Scraped caption text data:
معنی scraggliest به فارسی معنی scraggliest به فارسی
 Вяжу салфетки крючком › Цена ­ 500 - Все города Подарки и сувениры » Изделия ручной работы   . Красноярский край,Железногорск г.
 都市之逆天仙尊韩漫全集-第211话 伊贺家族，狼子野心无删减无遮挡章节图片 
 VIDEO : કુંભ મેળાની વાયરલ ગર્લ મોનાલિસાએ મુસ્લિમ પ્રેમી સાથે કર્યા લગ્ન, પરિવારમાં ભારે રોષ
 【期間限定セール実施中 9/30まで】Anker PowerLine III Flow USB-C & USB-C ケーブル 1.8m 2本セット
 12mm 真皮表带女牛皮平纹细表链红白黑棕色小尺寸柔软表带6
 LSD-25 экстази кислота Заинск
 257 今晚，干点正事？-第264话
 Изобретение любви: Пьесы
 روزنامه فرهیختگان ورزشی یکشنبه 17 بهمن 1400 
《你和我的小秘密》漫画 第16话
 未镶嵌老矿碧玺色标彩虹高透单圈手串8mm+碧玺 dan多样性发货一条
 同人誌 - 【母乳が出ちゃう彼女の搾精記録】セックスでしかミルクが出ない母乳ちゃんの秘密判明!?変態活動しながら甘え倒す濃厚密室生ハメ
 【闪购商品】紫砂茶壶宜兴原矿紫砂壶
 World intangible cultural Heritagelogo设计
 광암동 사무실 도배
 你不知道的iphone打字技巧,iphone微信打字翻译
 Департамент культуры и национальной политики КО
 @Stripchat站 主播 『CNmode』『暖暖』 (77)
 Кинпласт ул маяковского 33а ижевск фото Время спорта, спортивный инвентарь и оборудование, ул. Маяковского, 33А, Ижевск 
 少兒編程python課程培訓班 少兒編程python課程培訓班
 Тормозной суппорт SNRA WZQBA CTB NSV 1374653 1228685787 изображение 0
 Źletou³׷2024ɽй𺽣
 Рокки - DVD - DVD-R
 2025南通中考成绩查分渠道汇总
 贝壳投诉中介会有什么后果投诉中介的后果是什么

Exercise instructions:
Beginning with the line that contains "Źletou³׷2024ɽй𺽣", repeat every line through the end of the records and nothing more.

Solution to this task:
 Źletou³׷2024ɽй𺽣
 Рокки - DVD - DVD-R
 2025南通中考成绩查分渠道汇总
 贝壳投诉中介会有什么后果投诉中介的后果是什么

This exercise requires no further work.